« La Mariée de corail » de Roxanne Bouchard était capitaine d’un homardier

Lire Roxanne Bouchard, c’est d’abord l’écouter. La prose de la romancière québécoise est une petite musique qui vous trotte dans la tête bien longtemps après avoir terminé la lecture. On pense à Fred Vargas en France qui a su créer un univers si particulier. Même tour de force chez la Canadienne qui, roman après roman, confirme qu’elle aussi possède une plume originale dans le monde rugueux et misogyne des pêcheurs de la banquise.

On doit cette jolie découverte aux Éditions de l’Aube Noire qui dès 2022 publient « Nous étions le sel de la mer ». Le titre cartonne immédiatement et emporte l’année suivante le Prix des lecteurs Quais du Polar/Journal du Dimanche et celui du Festival Étonnants Voyageurs de Saint Malo. Les amateurs du genre se régalent avec ce nouvel inspecteur, Joaquin Moralès. Que vient donc faire un Mexicain dans ces contrées polaires du Canada ?

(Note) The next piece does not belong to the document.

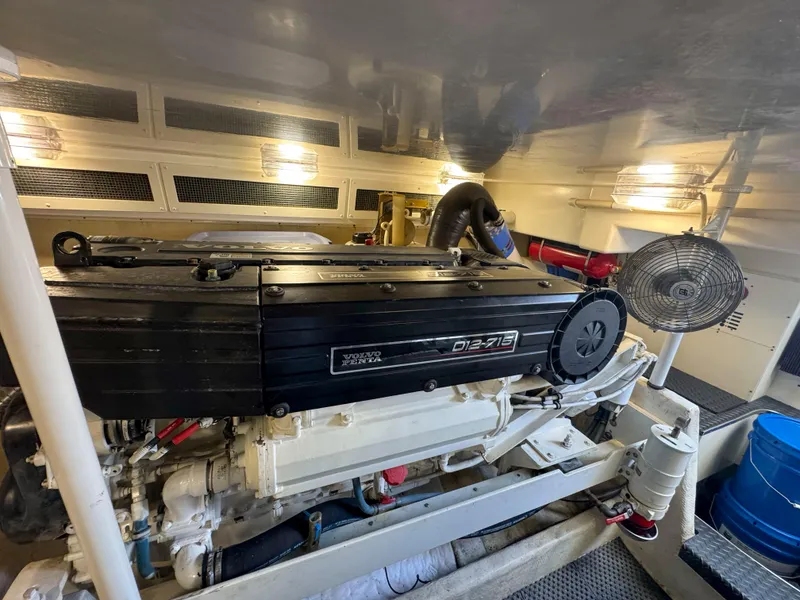 Slide: The Image of Silverton 48 Convertible 2004 - 53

Suivre son cœur. Bien évidemment. C’est pour une belle Québécoise qu’il a mise enceinte (c’est un homme d’honneur amoureux) que le jeune gaillard a rompu les amarres et quitté définitivement son pays d’Amérique latine. Depuis leur idylle qui leur a donné un fils, Sébastien, s’est mise à tanguer. Enfin, Joaquin ne sait plus trop. Sarah a demandé à prendre un peu le large. À réfléchir. Le voilà donc, le sergent-détective Joaquin Moralès, du poste de police de Bonaventure, pris dans les filets de « La mariée de corail », en Gaspésie (centre-est du Québec). Cet endroit justement choisi par sa femme et où elle ne viendra sans doute jamais.

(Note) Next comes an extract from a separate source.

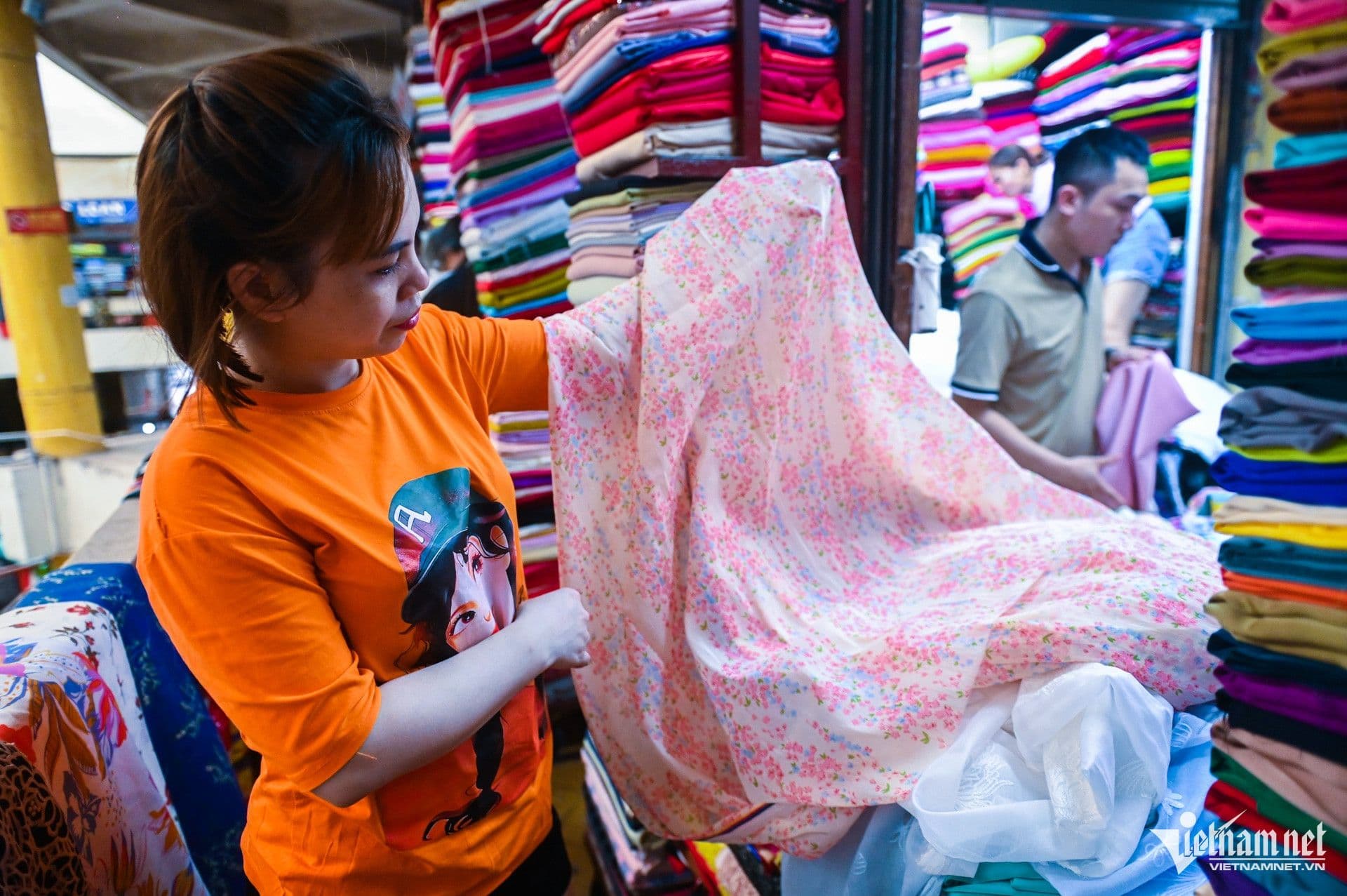 Hộ kinh doanh truyền thống trong bối cảnh chuyển đổi số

« Les femmes de mer ne laissent personne indifférent ». Et surtout pas Angel Roberts, fille de Leeroy Roberts et femme de Clément Cyr. Et surtout capitaine d’un homardier. Pas banal, une dame aux commandes d’un bateau de pêche. Et cette Angel (ange en Anglais), elle en a énervé plus d’un. Son bateau est retrouvé avant son corps. L’accident est exclu. Le suicide ? « La Gaspésie le défie non seulement par sa lenteur, mais aussi par sa douloureuse expérience de l’intimité. Ici, il faut avoir une compréhension intime des gens pour résoudre une affaire. » Les gens de la mer sont comme ceux des montagnes, fermés et rudes. C’est tout à fait par hasard qu’elle a resurgi, « la cage étant ancrée à une sorte d’îlot d’arbres morts qui flottaient entre deux eaux. » Elle avait les bras ouverts vers le ciel, ses cheveux et sa robe ondoyant autour d’elle. La voilà dans sa robe de noces, une tradition qu’elle imposait à la date anniversaire de son mariage depuis dix ans, attachée à un casier de pêche, un casier à homards. Que s’est-il passé cette fois ? Aura-t-elle épousé la mer ? Moralès creuse. Interroge le mari si prompt à s’accuser, écrasé par le deuil, le père, les frères,. Beaucoup de haine sous-jacente, de rancœur dans les familles. Il est aussi question de braconnage et d’argent. Comme toujours.

Moralès est aidé dans son enquête par Simone Lord, agente des pêches. On ne peut pas dire que les deux partent du bon pied. Elle le toise. Et dit : « Quand c’est une femme qu’on recherche, ils nous envoient le gars en préretraite qui prend dix-sept heures à effectuer deux cents kilomètres. » Il doit aussi gérer l’arrivée inattendue de son fils Sébastien, en bisbille avec sa copine. C’est énorme pour ce taiseux qui au fond n’aspire qu’à une chose : se consacrer entièrement à son enquête. Il aurait voulu dire à Simone que « la disparition de cette femme ne l’indifférence pas, au contraire, mais il n’a jamais aimé ce genre de discussions. »

La nuit où Angel est morte, la mer était calme. L’eau a imbibé le tissu de sa tenue, mouillé ses cuisses. La vague est arrivée à la bonne hauteur, comme si le courant avait été calculé. C’est bien une mort planifiée. Mais de quel genre ? « A-t-elle ouvert les yeux, regardé la mer et su qu’elle allait mourir ? » Elles étaient deux femmes capitaines en Gaspésie. Il n’en restera bientôt qu’une. Joaquin Moralès est un bon enquêteur, il aura une réponse, pas toutes bien sûr. Mais il aura compris que « quand l’amour, à la manière des éclats scintillants de la lune sur l’onde, n’est plus qu’une illusion qui s’éparpille et se dissout, » le pire est à venir. Le style de Roxanne Bouchard nous berce comme les vagues d’une mer parfois létale. Sombre et grandiose, dangereuse comme un nœud coulant.

« La Mariée de corail » de Roxanne Bouchard, Éditions de l’Aube, 449 pages, 21,90 euros.